Yes, spot on, my thinking. Mother's house, hall, had a wall thermostat, and a radiator without a TRV, after trying to set the lock shield valve, and failing to get reasonable results, I decided to fit a TRV to the radiator, and it was a massive improvement.
OK, few more details, hall had the wet room off it, and if hall cold, so was wet room, as the extract fan LABC insisted on, pulled replacement air from hall. Also, there were stairs from the hall, so the chimney effect, this was reduced by fitting a curtain around the stairs, and the front door did not seal too well as threshold free to allow wheelchair access, and to get a wheelchair in/out resulted in the door being open for longer than normal.

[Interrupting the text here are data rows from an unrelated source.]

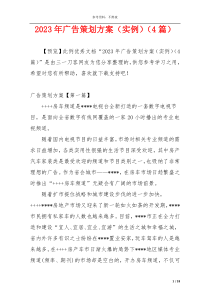 2023年广告策划方案（实例）（4篇）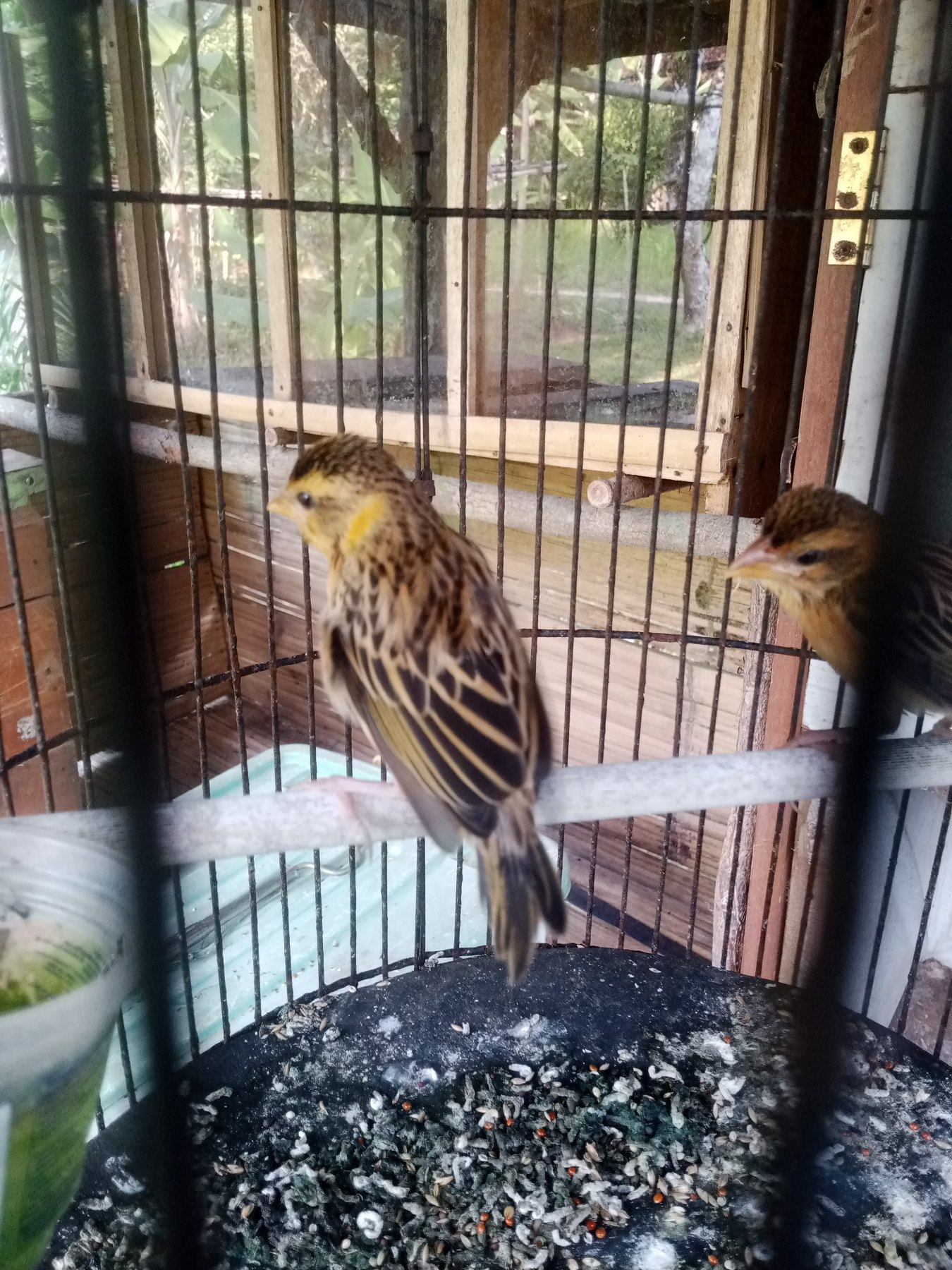 Baya Weaver (Ploceus philippinus) featured animal image on AnimalDex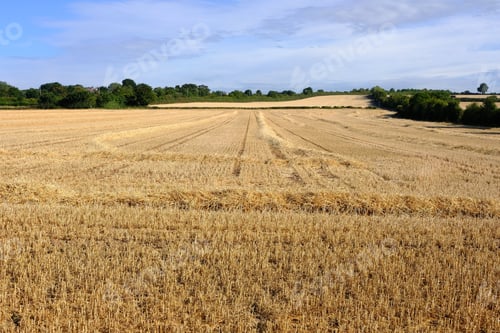 Preview: Dry Harvested Crop Field During The Uk Summer Heatwave 2018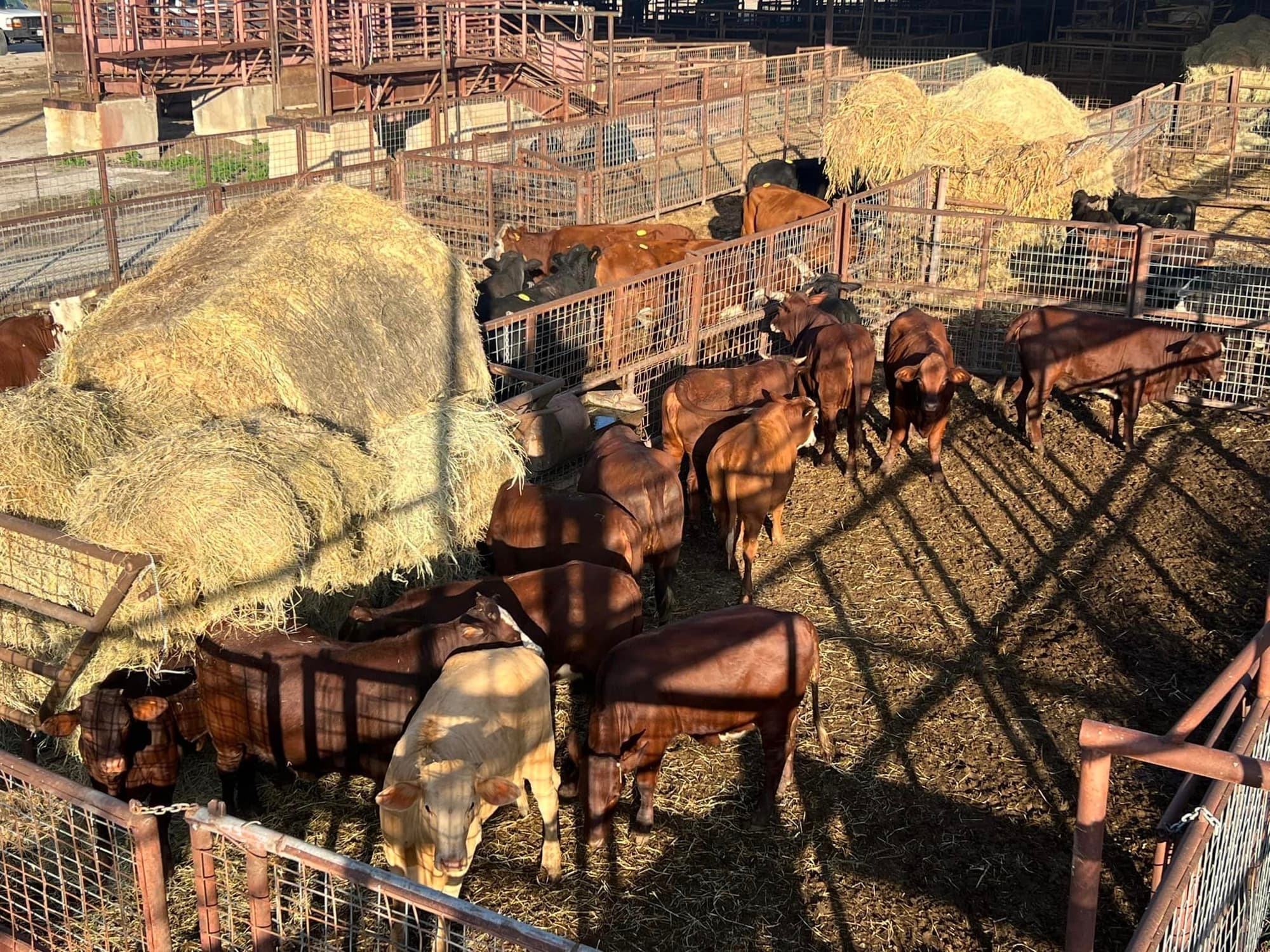 Red cattle and a pale calf in a pen beside stacked hay bales, seen from above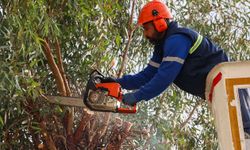 Buca’da budama seferberliği başladı
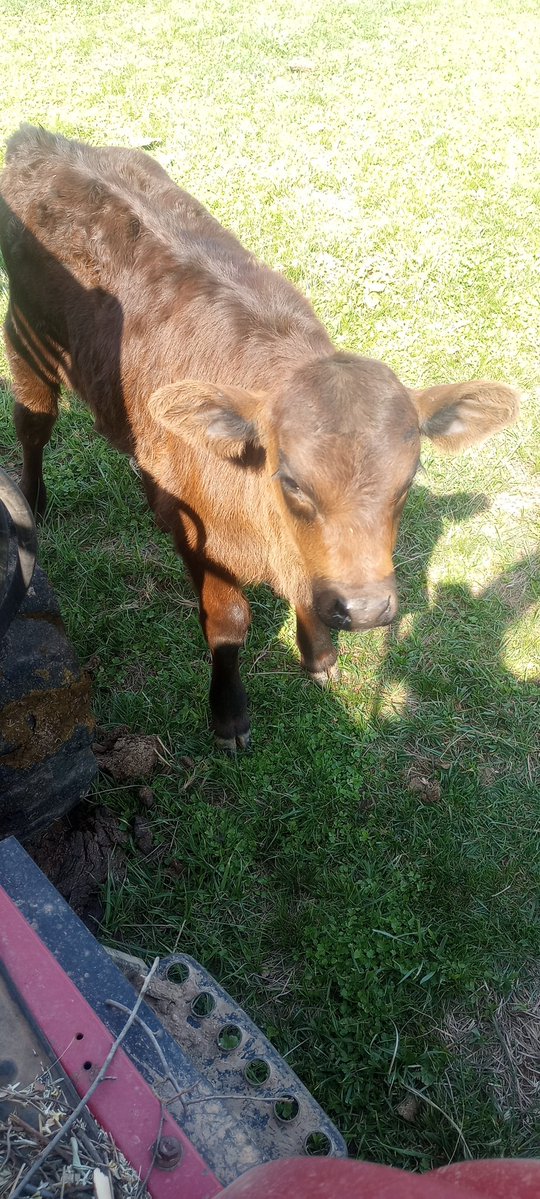 Farm Boy tweet media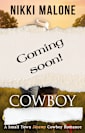 Cowboy, I Lied (Cahill Cattle Company, #3)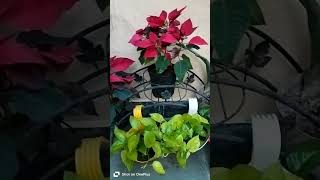 Poinsettia plant care tipsplanthappylovegarden [upl. by Onimixam]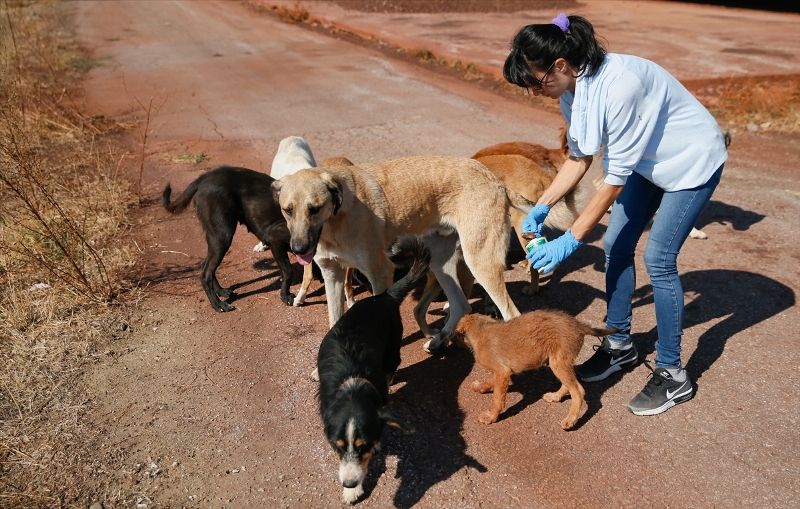 Sahipsiz köpeklerin kurtarıcısı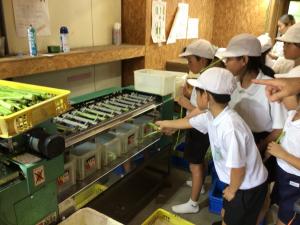 出荷作業の様子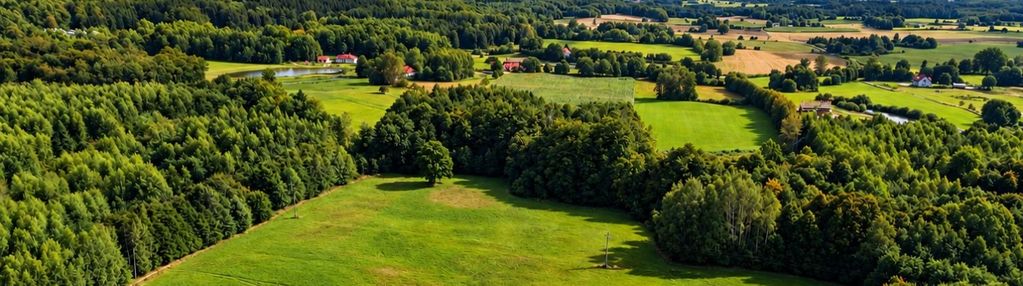 16 działek z wz  jurki k. morąga od 1175 m²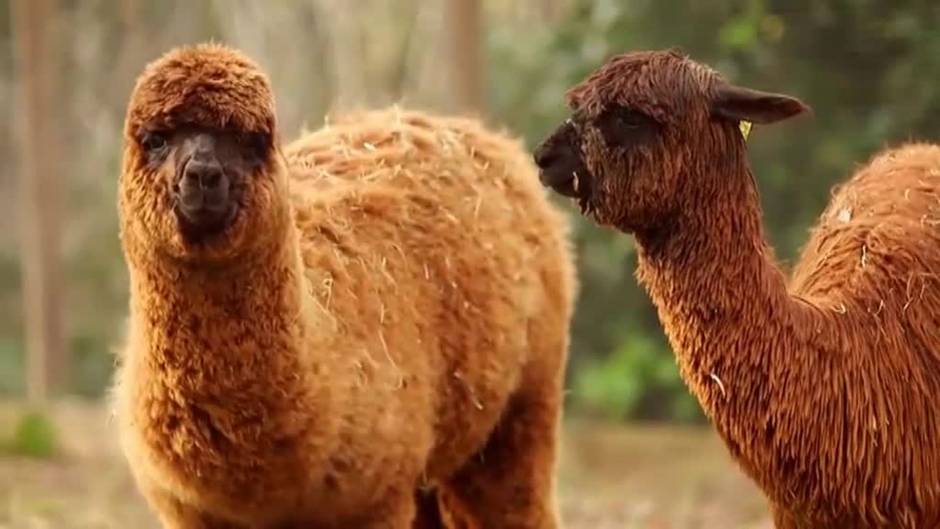 El zoo de Londres busca nombre para sus tres alpacas machos
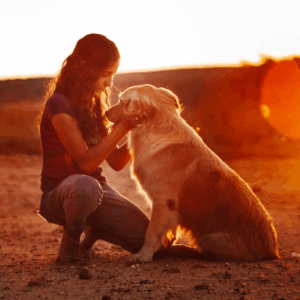 Wenn sie gehen ... - Haustiere im Sterben begleiten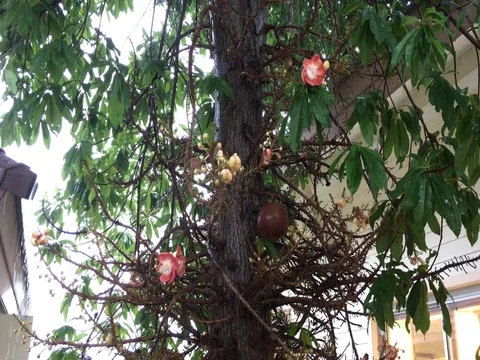 Flowering tree in Koh Samui Stock Footage 71824543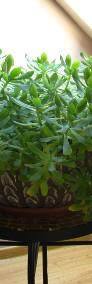 Aeonium – piękny, duży sukulent idealny na taras, do oranżerii lub mieszkania -4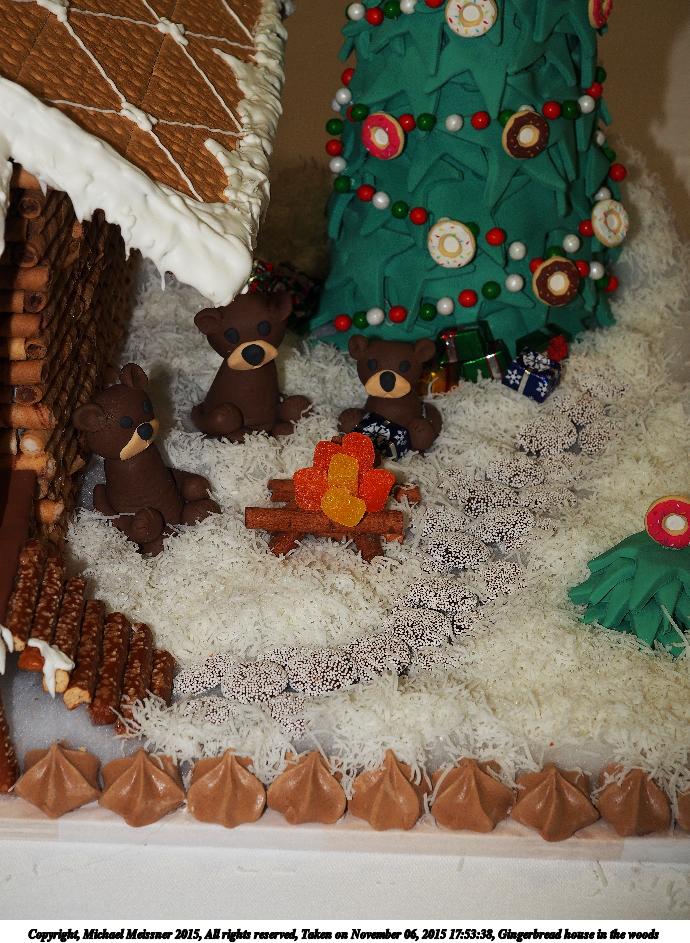 Gingerbread house in the woods #4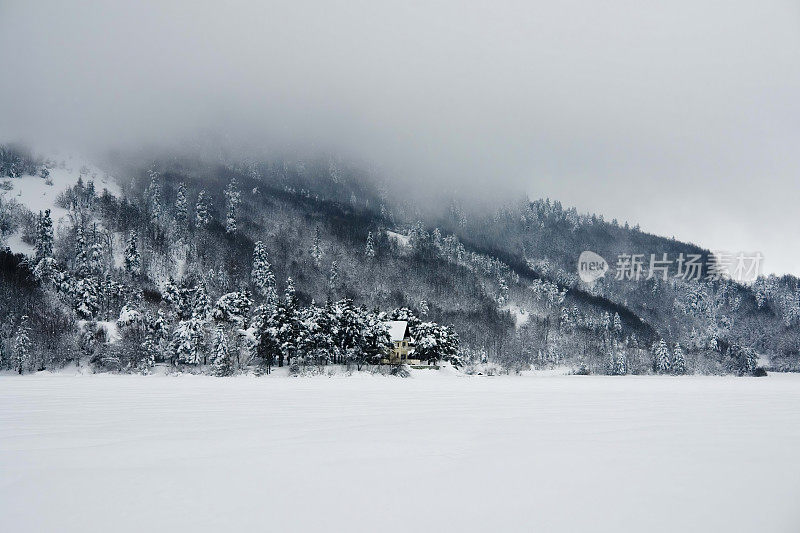 雪-冬天的背景。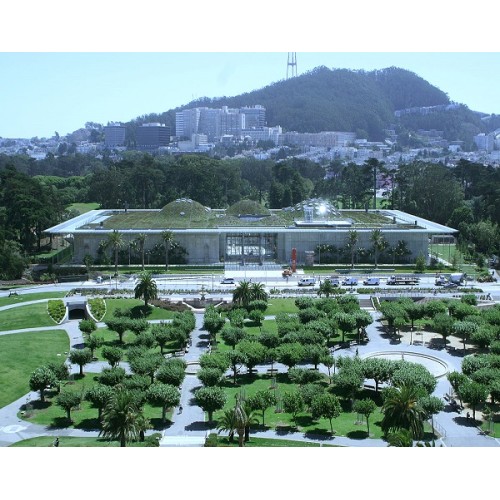 California Academy Of Sciences - General Admission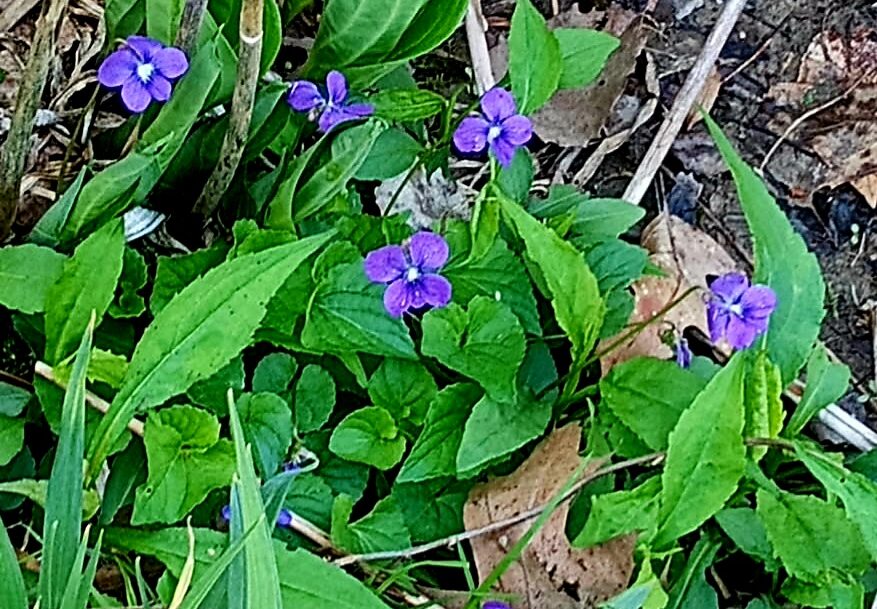 Wild Violets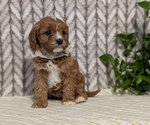 Small Photo #36 Cavapoo (Miniature) Puppy For Sale in GOSHEN, IN, USA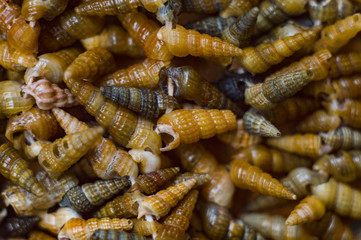 small shells texture photo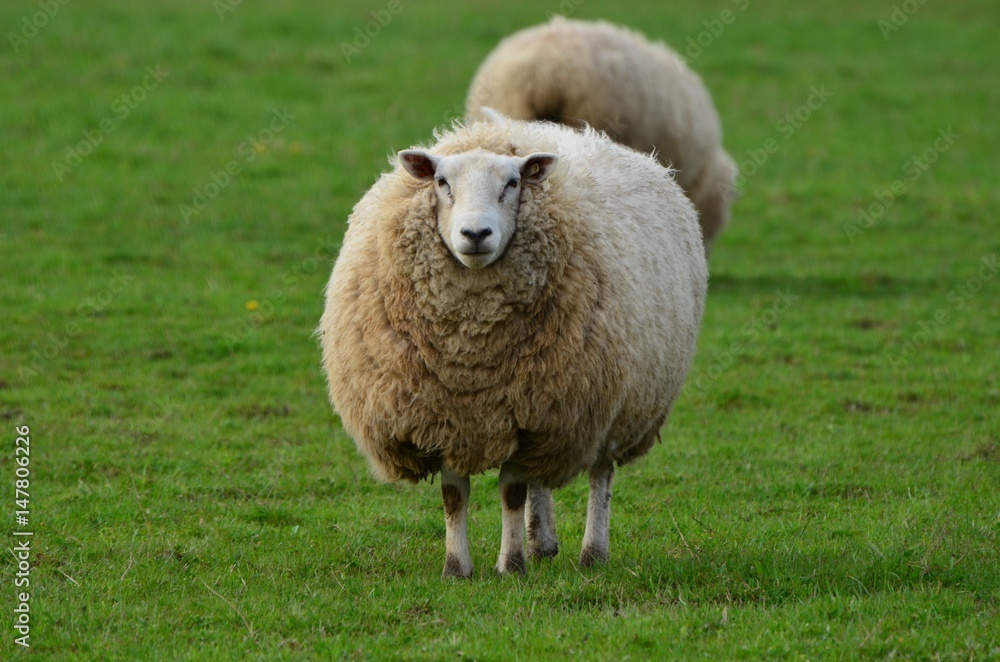 Adult unsheared sheep facing the camera in the green grass Adult unsheared sheep facing the camera in the green grass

So the idea was set the TRV to around 17°C and wall thermostat to 19°C as wall thermostat higher, and further away from the front door, I say 17°C but in real terms, set to around 2.25 on the *123456 scale starts closing at around 17°C but not fully closed to around 19°C so we got a rapid recovery until 17°C and then the recovery slowed down allowing rest of house to heat up, before the wall thermostat turned off the boiler. It was so much better once the TRV was fitted, not just in theory, it worked in practice.
Of course the electronic TRV head is calibrated in °C, and the droop (difference between fully off and fully on) is far less, so if using an electronic head, then may need to link it to the wall thermostat, the likes of Drayton Wiser are designed to do this, assign a TRV and wall thermostat to same room, and they, it seems, auto link together, but as yet not tried.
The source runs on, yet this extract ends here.